## WHAT YOU WILL DO
This exercise calls for duplicating every entry below exactly, without the images.

## DATASET RECORDS
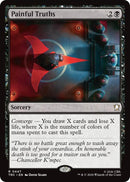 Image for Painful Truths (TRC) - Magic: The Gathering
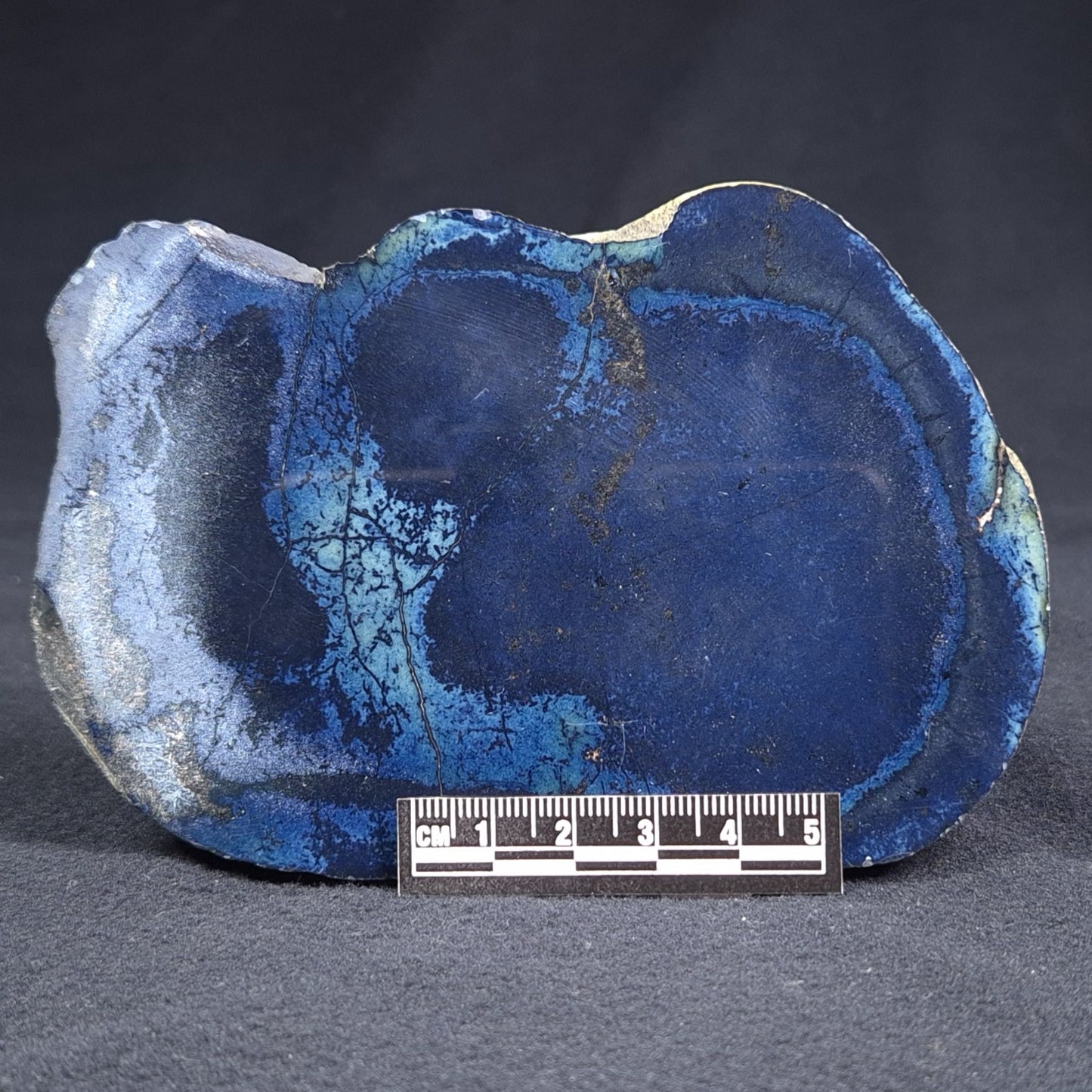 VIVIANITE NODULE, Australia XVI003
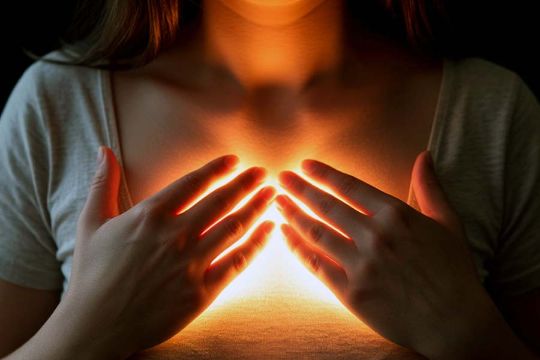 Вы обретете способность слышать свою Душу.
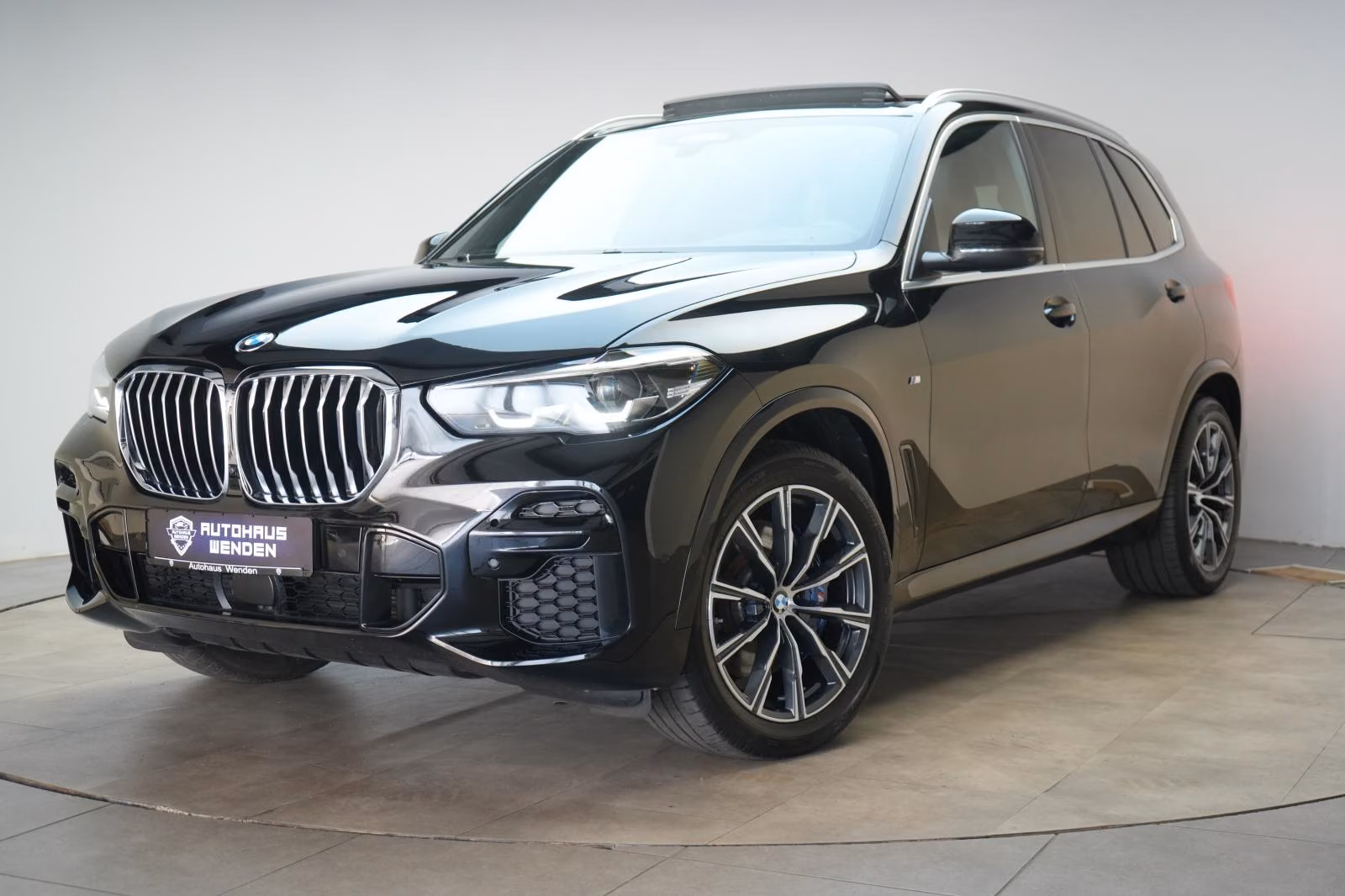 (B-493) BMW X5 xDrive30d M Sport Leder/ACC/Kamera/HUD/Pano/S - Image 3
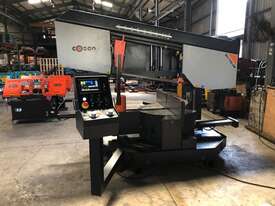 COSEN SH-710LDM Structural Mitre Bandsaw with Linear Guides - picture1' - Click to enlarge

## RESULT FOR THIS EXERCISE
 Image for Painful Truths (TRC) - Magic: The Gathering
 VIVIANITE NODULE, Australia XVI003
 Вы обретете способность слышать свою Душу.
 (B-493) BMW X5 xDrive30d M Sport Leder/ACC/Kamera/HUD/Pano/S - Image 3
 COSEN SH-710LDM Structural Mitre Bandsaw with Linear Guides - picture1' - Click to enlarge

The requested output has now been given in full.